Low Fees and MEV-Resistant Trades: Made possible through intent-based architecture
CoW Swap is an intent-based application that allows users to leverage signed messages to express their intent to trade (e.g. swap token A to token B)
A batch auction mechanism is utilized, in which a network of solvers compete amongst each other to maximize user orders surplus, via Coincidence of Wants (CoWs) discovery and routing of trades to the best available liquidity on-chain
The unique architecture employed allows CoW Swap to offer interesting features including CoW Hooks and Time-Weighted Average Price (TWAP) orders based out of the new Composable CoW Framework
Additional benefits of using CoW Swap include MEV resistance, low fees / gasless orders and security by having solvers approve new contracts on your behalf
Recently, CoW Swap has been gaining the hearts of traders, apparent from the constantly growing monthly trading volume.

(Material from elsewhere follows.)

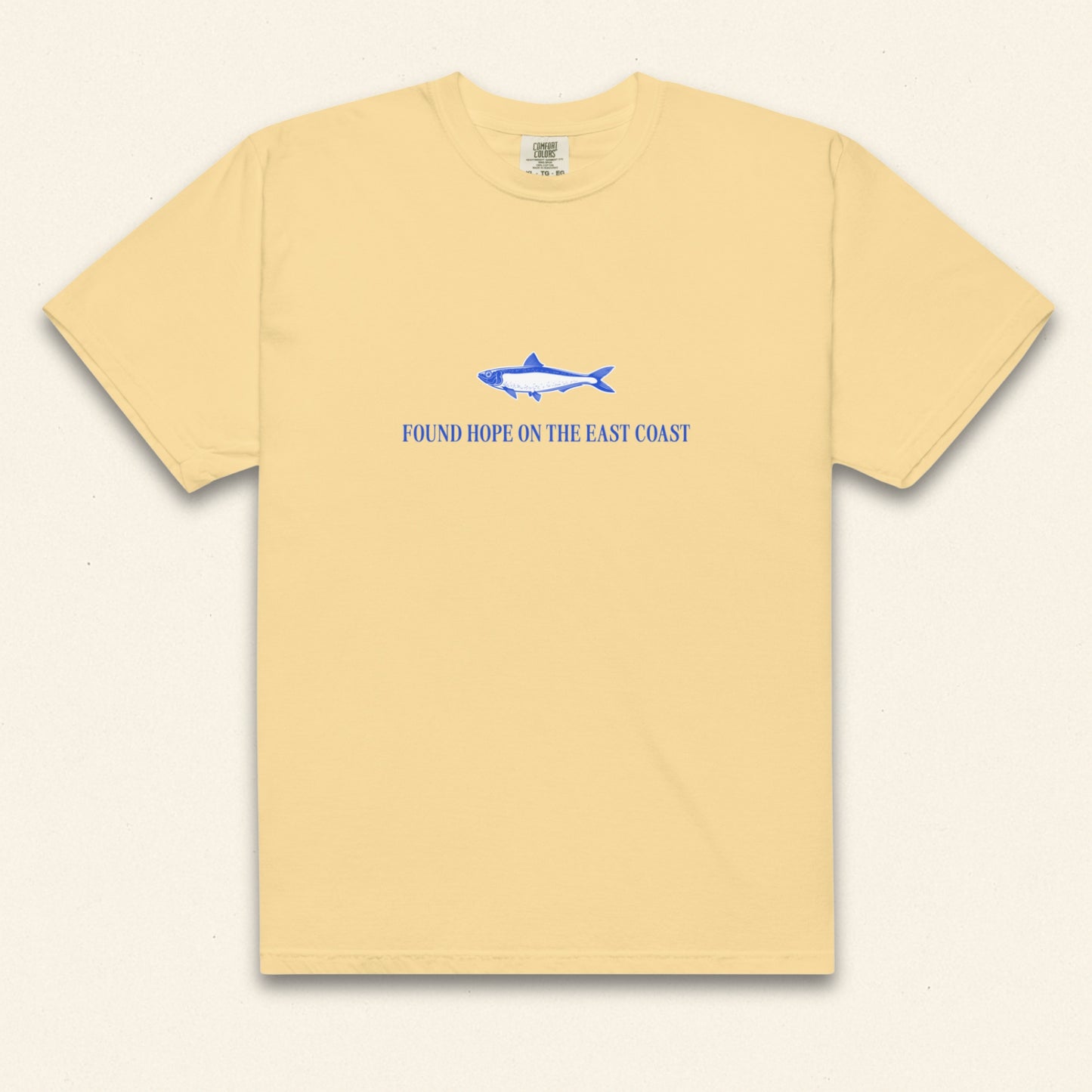 The East Coast Heavyweight Tee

It’s well known for possessing an intent-based architecture, a narrative that has caught the attention of many with its user-friendly interface. However, under the hood, CoW Swap has a lot more than meets the eye. The CoW Swap team has been building non-stop, delivering prominent features, including (a) MEV Blocker (b) Limit Orders (c) Time-Weighted Average Price (TWAP) (d) CoW Hooks (e) Milkman ERC1271 orders and (f) Programmatic Orders.
This article will dive deep into the fundamentals of CoW Swap, explaining its architecture and the benefits brought about by it. We then end with an overview of the current protocol developments and what to expect from the protocol in the future.
What are AMMs?
To uncover the innovation driven by CoW Swap, one must understand automated market makers (AMM), a type of decentralized exchange (DEX) that allows users to trade one asset for another. AMMs use liquidity pools to match traders with liquidity for their trades, rather than a peer to peer approach typically used in traditional finance. For example, a user that wishes to swap ETH for USDC can do so in a ETH/USDC liquidity pool. Upon the swap, the ratio of ETH to USDC changes, to which the AMM will re-price the ETH remaining in the pool. To understand more about AMMs, you can refer to this link here.

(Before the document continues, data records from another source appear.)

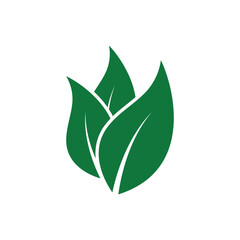 Leaf Logo Images design Template Icon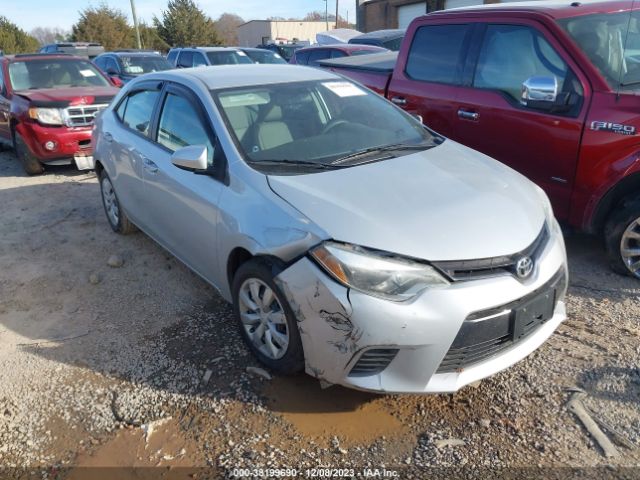 TOYOTA COROLLA 2015 2t1burhe5fc317885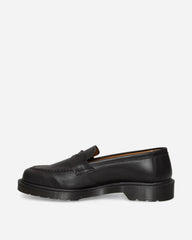Delapre Penny Loafers Black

AMMs typically require traders to submit a transaction from their wallet to be able to interact with the liquidity pools for swapping. As a result of this necessary interaction with the pools, AMMs settle trades in a sequential manner, based on the change in liquidity upon each swap. CoW Swap employs an intent based design which innovates on the traditional AMM design, connecting traders directly (when possible) with each other without using pools. Benefits of this innovation include lower fees and better execution prices, which will be explained in the later part. To understand the core innovations one must understand what intents are to begin with.
What are Intents?
Intents refer to the desired goal of a user, for example ‘I wish to swap USDC for ETH’. An intent-based protocol facilitates on-chain activities by abstracting the complex processes associated with it. A user can declare the end goal they wish to achieve ‘I wish to receive ETH’, and specify certain parameters ‘I wish to receive ETH by swapping USDC’. This message can then be signed to authorize sophisticated third-parties known as solvers to execute the intent, eventually delivering ETH to the user.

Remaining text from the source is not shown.